Not that legal strictures against “offensive” speech would be consistently enforced even if the First Amendment were formally rescinded. In practice, whoever had the most political pull would be issuing the shut-up edicts. Although victims might well be offended by the uttering of those edicts, censors would be undeterred by the contradiction.

These thoughts are occasioned by Greg Lukianoff’s new book Freedom from Speech, and the review of same by Allen Mendenhall at Liberty. Lukianoff heads the Foundation for Individual Rights in Education (FIRE), which fights the good fight for civil rights on campus. His book, says Mendenhall, is “a vigorous and cogent refutation of the increasingly popular notion that people have a right not to be offended.”

Lukianoff agrees that hypersensitivity to controversial speech in private institutions, too often punished by private sanctions that are arbitrary and unjust, does not per se violate anyone’s First Amendment rights. It nonetheless undermines the cultural tolerance needed for open discussion. “Only through the rigorous filtering mechanisms of longstanding deliberation and civil confrontation can good ideas be sorted from the bad. Only by maintaining disagreement at a rhetorical and discursive level can we facilitate tolerance and understanding and prevent the imposition of ideas by brute force.”

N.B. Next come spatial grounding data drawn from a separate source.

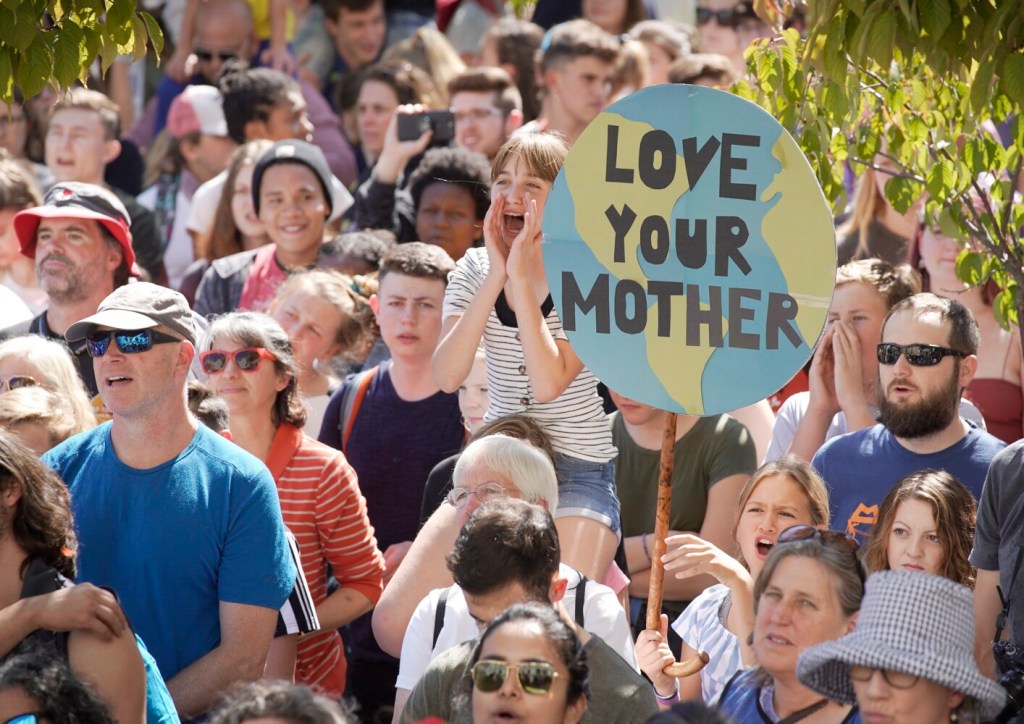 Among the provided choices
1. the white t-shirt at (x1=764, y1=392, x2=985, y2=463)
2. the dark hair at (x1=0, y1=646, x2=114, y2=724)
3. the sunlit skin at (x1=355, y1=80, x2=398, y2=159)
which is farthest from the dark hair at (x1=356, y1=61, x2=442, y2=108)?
the dark hair at (x1=0, y1=646, x2=114, y2=724)

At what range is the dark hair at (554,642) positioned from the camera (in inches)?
151

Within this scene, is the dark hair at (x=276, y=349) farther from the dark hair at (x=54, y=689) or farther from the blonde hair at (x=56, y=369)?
the dark hair at (x=54, y=689)

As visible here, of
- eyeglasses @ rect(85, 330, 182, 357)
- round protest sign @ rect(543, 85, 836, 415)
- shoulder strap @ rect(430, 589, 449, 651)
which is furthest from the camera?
eyeglasses @ rect(85, 330, 182, 357)

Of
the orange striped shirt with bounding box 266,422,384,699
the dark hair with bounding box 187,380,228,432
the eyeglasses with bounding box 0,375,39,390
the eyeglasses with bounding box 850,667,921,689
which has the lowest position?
the orange striped shirt with bounding box 266,422,384,699

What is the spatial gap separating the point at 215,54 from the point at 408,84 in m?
1.79

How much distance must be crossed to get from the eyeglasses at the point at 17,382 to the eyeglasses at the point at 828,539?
311 cm

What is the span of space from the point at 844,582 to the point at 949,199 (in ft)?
6.66

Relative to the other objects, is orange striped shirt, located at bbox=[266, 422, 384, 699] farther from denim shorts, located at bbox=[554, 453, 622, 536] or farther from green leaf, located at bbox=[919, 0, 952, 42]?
green leaf, located at bbox=[919, 0, 952, 42]

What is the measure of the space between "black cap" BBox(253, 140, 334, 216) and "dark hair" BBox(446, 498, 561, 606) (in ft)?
14.6

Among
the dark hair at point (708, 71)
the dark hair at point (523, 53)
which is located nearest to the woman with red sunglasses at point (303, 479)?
the dark hair at point (708, 71)

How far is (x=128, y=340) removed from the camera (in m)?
4.92

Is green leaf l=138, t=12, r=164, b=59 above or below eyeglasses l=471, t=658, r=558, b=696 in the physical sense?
above

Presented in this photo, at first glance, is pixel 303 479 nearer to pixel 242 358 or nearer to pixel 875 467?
pixel 242 358

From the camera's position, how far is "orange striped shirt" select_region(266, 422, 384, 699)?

That is to say, cultural values and political values are not two isolated realms. One influences the other.

Who can disagree? I wouldn’t dare.

This is Common Sense. I’m Paul Jacob.

2 replies on “The Preposition Is “Of””

Absolutely, freedom of speech is protected from governmental control, but exoneration from the individual and private institutions reactions to that speech is impossible. That is how policy is debated, foolishness and shortsightedness are avoided and, hopefully, a reasoned and practical resolution of differences reached.
That some private organizations limit speech, or even punish it is not constitutionally protected and must be expected. A speaker cannot insist on being welcomed and supported in a church forum to argue atheism, and indeed may be expelled from membership in the group for doing so.
On the other hand, it is sad and discouraging to see restrictions on speech in publicly sponsored and private “educational” institutions for by doing so they reduce themselves to being indoctrination centers while claiming to be universities. This is either because they have lost sight of the fact that in debate as there is no more effective an argument than using one side or the other’s own arguments and premises to refute their point, or because the actually realize their positions taken are not defensible.
The concept that you are free to speak but there can be no ramifications in the opinion of, or the responses from, others is missing the other necessary half of the protected (from government interference only) activity.